34 Blessed are those who listen to me,
watching daily at my doors,
waiting at my doorway.
35 For those who find me find life
and receive favor from the Lord.
36 But those who fail to find me harm themselves;
all who hate me love death.”
Now, I already know that I have lost loads of my mind… as I said earlier today! But I strive to be a blessed waiting daughter watching at His door and waiting at His doorway as this verse says. So, this feeling of just waiting and being thankful in the waiting is something that I am working on getting used to.
I can’t help but wonder if in this “waiting” season which seems like it’ll never end quite honestly… if it is allowing me all the more time to dwell earnestly on God’s rich blessings in my life. For the last almost 11 years of this waiting on healing, and then waiting on direction for our family with work these last six months; I have realized that the blessings that I have always counted are still blessings, but there are sooooo many others that I never would have thought of as even good things. And now I see them as generous blessings in my life!
(these are the 5 sets of tootsies waiting on direction from God…
“Lord, I pray we stay still and wait on you before we move. Amen”)
I found some scribbles in my Beth Moore Esther Biblestudy guide that I had written and it totally sums up my heart at this stage in our families life… “God is just as purposeful of what He does NOT reveal as what He does. Trust Him, rest in Him!”

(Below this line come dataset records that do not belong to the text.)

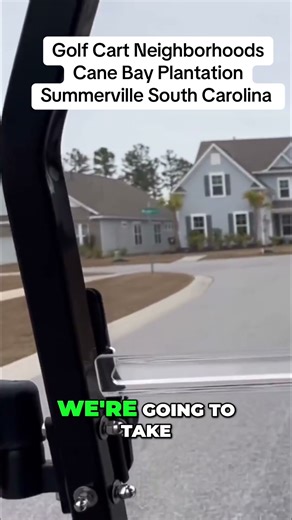 Golf Cart Neighborhoods Cane Bay Summerville SC #summervillesc #summerville #southcarolina #canebay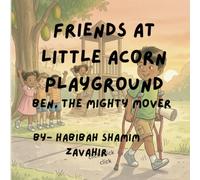 Friends at Little Acorn Playground: Ben , The mighty mover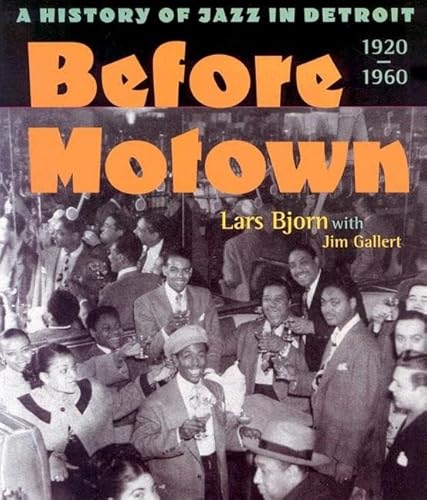 Before Motown: A History of Jazz in Detroit, 1920-60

Jeremiah 29:11-13 gives great hope for our waiting and says: 11 “For I know the plans I have for you,” declares the Lord, “plans to prosper you and not to harm you, plans to give you hope and a future. 12 Then you will call on me and come and pray to me, and I will listen to you. 13 You will seek me and find me when you seek me with all your heart.” and
Psalm 100:3 proclaims it again saying,
“Know that the Lord is God. It is he who made us, and we are his; we are his people, the sheep of his pasture.”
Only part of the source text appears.